I am to use mathematical induction to prove:

$\sum_{i=1}^n$ $(i \times i!) = (n+1)! - 1$

my base case is n = 1

$RHS: (1 \times1!) = 1$

$LHS: (1+1)! - 1 = 1$

If I am not mistaken the next step is to assume n=k so

$=(k+1)! -1$

then I need to show k+1

$((k+1)+1)-1$ or $(k+2)!-1$

now I'm a bit confused on where to go from here. I THINK my next step is:

$(k+1)!-1 + (k+1 \times k+1!)$

Is this the correct next step? if it is how do I algebraically show that it is equal to $(k+2)!-1$

Any help is appreciated guys!

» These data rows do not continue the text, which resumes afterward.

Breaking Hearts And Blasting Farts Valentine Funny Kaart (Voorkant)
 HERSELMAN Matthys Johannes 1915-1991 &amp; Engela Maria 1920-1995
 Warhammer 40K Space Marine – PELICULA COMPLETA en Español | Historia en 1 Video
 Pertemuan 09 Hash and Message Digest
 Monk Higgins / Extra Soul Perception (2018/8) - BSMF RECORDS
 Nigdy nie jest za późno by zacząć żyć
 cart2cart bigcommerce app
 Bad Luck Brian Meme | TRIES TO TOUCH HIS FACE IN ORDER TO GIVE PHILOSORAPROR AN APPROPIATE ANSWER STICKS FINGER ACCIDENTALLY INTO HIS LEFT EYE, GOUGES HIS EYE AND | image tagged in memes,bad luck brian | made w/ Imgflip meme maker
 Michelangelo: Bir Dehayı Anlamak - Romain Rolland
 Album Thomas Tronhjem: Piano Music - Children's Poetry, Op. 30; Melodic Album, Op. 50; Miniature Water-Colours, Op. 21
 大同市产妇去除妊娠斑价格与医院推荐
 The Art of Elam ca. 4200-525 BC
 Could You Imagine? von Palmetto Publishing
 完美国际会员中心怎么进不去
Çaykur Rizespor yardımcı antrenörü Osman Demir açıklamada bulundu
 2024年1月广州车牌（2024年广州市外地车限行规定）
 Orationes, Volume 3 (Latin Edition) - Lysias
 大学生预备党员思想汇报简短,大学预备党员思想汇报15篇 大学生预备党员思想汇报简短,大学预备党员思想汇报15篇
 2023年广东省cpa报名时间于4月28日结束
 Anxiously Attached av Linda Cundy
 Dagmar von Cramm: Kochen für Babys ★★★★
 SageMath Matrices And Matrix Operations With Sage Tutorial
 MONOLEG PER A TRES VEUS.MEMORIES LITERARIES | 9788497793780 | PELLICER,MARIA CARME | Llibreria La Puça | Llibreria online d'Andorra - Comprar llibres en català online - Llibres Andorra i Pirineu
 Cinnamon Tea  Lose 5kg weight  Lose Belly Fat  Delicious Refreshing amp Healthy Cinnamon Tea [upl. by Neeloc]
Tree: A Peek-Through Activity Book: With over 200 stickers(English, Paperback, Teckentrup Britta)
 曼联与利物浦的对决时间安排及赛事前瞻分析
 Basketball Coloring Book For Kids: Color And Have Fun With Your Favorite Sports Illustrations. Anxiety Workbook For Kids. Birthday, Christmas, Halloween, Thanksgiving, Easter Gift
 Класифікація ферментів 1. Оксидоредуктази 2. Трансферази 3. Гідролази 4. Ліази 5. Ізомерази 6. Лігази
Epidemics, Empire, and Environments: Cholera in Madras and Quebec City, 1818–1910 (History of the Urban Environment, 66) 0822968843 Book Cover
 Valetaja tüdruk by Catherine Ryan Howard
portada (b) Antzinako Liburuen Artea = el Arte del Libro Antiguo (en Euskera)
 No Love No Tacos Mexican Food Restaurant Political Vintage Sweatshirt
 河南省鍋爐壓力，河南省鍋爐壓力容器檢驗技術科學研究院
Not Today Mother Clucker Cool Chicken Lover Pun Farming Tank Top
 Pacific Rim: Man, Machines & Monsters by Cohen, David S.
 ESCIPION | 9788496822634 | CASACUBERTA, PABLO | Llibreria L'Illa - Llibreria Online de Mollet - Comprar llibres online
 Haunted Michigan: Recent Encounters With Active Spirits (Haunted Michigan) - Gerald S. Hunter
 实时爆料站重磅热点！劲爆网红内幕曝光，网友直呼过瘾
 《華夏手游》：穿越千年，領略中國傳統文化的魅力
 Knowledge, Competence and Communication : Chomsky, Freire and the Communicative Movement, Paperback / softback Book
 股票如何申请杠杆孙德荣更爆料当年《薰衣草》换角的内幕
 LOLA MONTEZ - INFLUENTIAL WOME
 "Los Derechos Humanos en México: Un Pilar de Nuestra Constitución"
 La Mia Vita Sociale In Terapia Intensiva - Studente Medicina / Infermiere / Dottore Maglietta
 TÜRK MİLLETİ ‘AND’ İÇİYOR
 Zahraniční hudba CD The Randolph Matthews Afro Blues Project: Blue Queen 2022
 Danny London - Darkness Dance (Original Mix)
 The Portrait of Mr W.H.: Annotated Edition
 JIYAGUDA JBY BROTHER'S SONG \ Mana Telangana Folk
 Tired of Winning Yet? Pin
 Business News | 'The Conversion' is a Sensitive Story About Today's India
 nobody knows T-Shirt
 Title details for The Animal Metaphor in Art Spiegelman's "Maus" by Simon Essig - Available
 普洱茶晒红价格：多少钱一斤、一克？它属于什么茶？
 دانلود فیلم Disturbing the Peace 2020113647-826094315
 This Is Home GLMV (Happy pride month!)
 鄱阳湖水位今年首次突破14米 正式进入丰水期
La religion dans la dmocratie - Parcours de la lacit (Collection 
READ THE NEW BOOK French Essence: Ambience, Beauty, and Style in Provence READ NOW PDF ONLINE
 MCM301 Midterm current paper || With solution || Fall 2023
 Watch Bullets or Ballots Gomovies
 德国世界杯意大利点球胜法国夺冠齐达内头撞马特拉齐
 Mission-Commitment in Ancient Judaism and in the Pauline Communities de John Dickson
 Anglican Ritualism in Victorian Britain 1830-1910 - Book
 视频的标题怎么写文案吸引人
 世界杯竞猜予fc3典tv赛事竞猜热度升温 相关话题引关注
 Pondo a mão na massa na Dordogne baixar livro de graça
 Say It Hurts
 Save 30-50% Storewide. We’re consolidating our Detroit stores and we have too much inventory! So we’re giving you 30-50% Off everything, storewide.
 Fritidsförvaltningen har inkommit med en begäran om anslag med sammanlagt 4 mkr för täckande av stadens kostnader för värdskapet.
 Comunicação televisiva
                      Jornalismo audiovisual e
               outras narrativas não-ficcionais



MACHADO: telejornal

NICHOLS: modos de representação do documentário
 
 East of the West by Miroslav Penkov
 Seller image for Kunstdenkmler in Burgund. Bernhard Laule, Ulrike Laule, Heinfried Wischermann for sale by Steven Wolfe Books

Thanks!

Answer 1

The next is indeed $$(k+1)!-1+(k+1)(k+1)!=(k+1+1)(k+1)!-1=(k+2)!-1.$$

This remarkable identity can be used to define a factorial basis of the integers.

Answer 2

So let's assume that $$ \sum_{i=1}^k (i\cdot i!)=(k+1)!-1. $$ Then for the $k+1$ case, we have $$ \sum_{i=1}^{k+1}(i\cdot i!)=(k+1)\cdot (k+1)!+\sum_{i=1}^k(i\cdot i!)=(k+1)\cdot (k+1)!+(k+1)!-1. $$ Factoring out $(k+1)!$ from the last term, we have $$ \sum_{i=1}^{k+1}(i\cdot i!)=(k+1)![1+k+1]-1=(k+2)!-1 $$ just like you want.

Answer 3

You already verified the base case.

If it holds for $n$, let us demonstrate it for $n+1$. We know that: $$ \sum_{i=1}^nii!=(n+1)!-1, $$ and $$ \sum_{i=1}^{n+1}ii!=\sum_{i=1}^nii!+(n+1)(n+1)!. $$ The first term, $\sum_{i=1}^nii!=(n+1)!-1,$ is, for induction assumption, equal to $(n+1)!-1$, thus: $$ \sum_{i=1}^nii!+(n+1)(n+1)!=(n+1)!-1+(n+1)(n+1)!=(n+1)!(1+n+1)-1= $$ $$ =(n+2)!-1, $$ Hence: $$ \sum_{i=1}^{n+1}ii!=(n+2)!-1, $$ q.e.d.